May 12, 2017 - Maja Hinrichs for SoGerman
In August 1880, eight Inuit from Labrador travelled together with Norwegian adventurer Johan Adrian Jacobsen to Germany. In hopes of earning money to pay off debt, they had agreed to become part of an ethnographic show of German menagerie owner Carl Hagenbeck. Yet they didn’t realize what it meant to have thousands of people in a single day staring at them. As part of the zoo’s exotic exhibits, they moved to several European cities. They soon begun to miss home, but would never see it again. Their story ended tragically — all eight Labrador Inuit died of smallpox in Europe within four months after their journey across the ocean.
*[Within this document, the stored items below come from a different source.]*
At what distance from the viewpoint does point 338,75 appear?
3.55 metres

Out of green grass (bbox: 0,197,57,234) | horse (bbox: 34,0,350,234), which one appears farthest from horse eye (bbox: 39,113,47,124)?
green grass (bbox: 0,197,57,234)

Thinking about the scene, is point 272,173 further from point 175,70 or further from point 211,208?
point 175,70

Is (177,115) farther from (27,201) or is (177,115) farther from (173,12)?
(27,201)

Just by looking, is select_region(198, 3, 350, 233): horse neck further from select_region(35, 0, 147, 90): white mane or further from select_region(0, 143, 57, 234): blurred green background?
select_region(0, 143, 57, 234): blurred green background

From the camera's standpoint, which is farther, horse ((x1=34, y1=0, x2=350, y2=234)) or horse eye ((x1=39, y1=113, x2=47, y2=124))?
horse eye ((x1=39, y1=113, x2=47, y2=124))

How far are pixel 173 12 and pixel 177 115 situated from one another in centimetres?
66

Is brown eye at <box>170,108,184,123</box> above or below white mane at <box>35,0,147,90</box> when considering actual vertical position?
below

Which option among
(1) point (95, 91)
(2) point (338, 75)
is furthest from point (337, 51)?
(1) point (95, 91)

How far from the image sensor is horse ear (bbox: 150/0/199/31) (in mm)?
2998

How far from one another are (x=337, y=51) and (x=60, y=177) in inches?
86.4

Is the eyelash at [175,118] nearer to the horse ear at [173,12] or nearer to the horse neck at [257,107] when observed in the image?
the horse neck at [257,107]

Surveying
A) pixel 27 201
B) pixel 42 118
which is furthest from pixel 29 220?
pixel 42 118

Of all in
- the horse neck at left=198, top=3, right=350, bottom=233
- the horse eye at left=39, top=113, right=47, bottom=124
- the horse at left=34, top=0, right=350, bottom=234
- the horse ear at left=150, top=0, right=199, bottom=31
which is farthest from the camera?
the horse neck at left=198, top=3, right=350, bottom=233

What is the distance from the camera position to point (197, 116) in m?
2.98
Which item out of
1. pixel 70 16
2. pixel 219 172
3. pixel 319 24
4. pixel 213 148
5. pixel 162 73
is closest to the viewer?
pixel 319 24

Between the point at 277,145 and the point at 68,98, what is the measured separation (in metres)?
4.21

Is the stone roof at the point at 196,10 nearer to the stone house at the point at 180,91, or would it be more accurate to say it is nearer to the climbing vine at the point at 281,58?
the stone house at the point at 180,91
One of the eight Inuit was Abraham Ulrikab. He captured their story in his diary, an irreplaceable document for researchers like France Rivet.
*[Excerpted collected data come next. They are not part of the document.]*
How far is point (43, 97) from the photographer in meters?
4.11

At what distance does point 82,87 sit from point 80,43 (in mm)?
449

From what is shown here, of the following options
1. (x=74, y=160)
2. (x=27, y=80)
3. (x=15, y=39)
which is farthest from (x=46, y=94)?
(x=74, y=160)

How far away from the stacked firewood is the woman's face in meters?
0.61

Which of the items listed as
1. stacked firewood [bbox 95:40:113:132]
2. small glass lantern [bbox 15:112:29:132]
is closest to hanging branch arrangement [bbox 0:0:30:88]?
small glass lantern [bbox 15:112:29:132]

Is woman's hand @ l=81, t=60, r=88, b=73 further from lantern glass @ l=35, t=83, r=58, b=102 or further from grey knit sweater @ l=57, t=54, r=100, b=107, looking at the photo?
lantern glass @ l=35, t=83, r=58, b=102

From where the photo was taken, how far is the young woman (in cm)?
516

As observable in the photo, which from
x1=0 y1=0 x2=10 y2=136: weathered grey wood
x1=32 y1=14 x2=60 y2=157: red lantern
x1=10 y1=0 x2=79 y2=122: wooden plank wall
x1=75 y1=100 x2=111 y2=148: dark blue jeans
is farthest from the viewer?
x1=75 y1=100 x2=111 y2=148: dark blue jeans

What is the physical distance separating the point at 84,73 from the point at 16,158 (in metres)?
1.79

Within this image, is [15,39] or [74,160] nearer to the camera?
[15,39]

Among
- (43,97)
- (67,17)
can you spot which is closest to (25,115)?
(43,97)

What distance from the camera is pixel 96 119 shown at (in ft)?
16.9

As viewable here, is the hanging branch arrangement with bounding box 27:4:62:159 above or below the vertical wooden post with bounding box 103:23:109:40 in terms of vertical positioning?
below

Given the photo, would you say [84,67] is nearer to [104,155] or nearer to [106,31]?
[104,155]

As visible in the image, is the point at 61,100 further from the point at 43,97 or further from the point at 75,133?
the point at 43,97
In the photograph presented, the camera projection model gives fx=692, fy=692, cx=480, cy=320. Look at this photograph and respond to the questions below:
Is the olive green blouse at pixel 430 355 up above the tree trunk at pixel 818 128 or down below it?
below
France worked in the IT sector before being introduced to the Inuk’s story. Over the past years, the Canadian has traced Abraham’s story, travelling to all European cities where the Inuit were exhibited: Hamburg, Berlin, Prague, Frankfurt, Darmstadt, Krefeld, and Paris, where Abraham and his last companions passed away and their human remains still are. She spent hours in European archives, studying old documents to find out what really happened to the group.
The first time France heard about Abraham Ulrikab, she was on a cruise ship near Labrador’s coast in the summer of 2009.
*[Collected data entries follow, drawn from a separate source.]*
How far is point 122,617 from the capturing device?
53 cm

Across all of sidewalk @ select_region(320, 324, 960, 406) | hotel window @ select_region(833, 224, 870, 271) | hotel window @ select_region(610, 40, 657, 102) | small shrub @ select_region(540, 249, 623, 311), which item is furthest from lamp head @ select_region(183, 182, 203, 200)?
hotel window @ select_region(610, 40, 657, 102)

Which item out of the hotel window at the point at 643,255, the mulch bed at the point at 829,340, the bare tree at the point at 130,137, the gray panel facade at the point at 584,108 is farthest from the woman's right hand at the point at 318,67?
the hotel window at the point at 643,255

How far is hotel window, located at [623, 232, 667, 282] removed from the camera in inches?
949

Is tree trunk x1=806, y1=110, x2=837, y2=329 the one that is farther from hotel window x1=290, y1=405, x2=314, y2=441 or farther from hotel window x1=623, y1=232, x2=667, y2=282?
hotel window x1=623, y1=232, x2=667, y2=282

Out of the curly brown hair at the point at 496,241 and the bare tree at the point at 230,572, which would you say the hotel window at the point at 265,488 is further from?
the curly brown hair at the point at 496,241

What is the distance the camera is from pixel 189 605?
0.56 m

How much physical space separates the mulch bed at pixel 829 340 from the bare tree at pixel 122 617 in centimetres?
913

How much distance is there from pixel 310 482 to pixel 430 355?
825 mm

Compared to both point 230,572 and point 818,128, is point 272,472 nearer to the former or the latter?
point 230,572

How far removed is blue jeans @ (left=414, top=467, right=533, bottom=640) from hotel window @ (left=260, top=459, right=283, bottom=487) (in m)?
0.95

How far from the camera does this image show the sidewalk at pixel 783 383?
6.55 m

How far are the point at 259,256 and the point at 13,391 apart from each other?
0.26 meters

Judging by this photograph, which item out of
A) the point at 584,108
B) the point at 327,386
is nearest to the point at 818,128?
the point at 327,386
“I noticed a man. He was everywhere around that ship, two cameras on his neck and I thought ‘Who is this person?’ He had the same hat as me. So I decided to talk to him,” says France.
The man was German-Canadian photographer Hans-Ludwig Blohm. He introduced her to the book of The diary of Abraham Ulrikab: text and context. He had donated copies of the book to the ship’s library and suggested that France should read it.
On board, she also met an Inuk lady originating from Hebron, Abraham’s hometown. They talked about Abraham’s story and decided: something had to be done.
After her extensive research in Europe, France published a book called In the Footsteps of Abraham Ulrikab. She also did research for the documentary Trapped in a Human Zoo, which was presented in David Suzuki’s CBC show The Nature of Things.
“These eight individuals paid the ultimate price for their mere desire to improve their living conditions, and to see ‘civilized’ Europe. In Europe, the Inuit entertained the crowds, and enabled entrepreneurs to pocket profits. They were studied by anthropologists who were thrilled to have ‘savages’ from these distant lands in their midst,” says France.
“To me uncovering and telling their whole story was the least I could do to honor their memory.”